No secrets were safe from him, but a vast number were safe with him.

“Watson, please,” he said, “at this late date the subject is hardly worth discussing, but if you must know, I found your absence costly and the price of your practice a pittance in comparison.”

It was hope, rather than faith, that Holmes placed in God, but that hope was as profound, perhaps, as any mystery.

Age has crept in on me so gradually, I barely noticed when our lovely clients ceased to evoke ‘my dear lady’ and became instead ‘my poor child.’

When I asked him if he had given any thought to retirement, I assumed he would defer the subject -- I’d have thought he’d sooner settle on the moon than in the countryside, but he tells me he has actually bought a cottage.

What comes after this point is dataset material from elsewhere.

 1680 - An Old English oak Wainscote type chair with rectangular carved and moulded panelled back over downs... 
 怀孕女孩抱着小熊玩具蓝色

The borrowed, broad-brimmed hat with its sheer veil covered my face in friendly shadow; the approaching bees, however, seemed decidedly less friendly.

Where are the days going, where the years...how can it be so long since we have spoken?

I’ve a telegram in my pocket, a German scowling at the back of my head, and a song in my heart.

Dear God, what a hideous goatee.

I am not the one fixed point in our changing age; he has always moved me and he always will.

He tells me our dear country will survive the coming storm.

There will be last words for us, of course there shall…but I do not think that there will be an ending.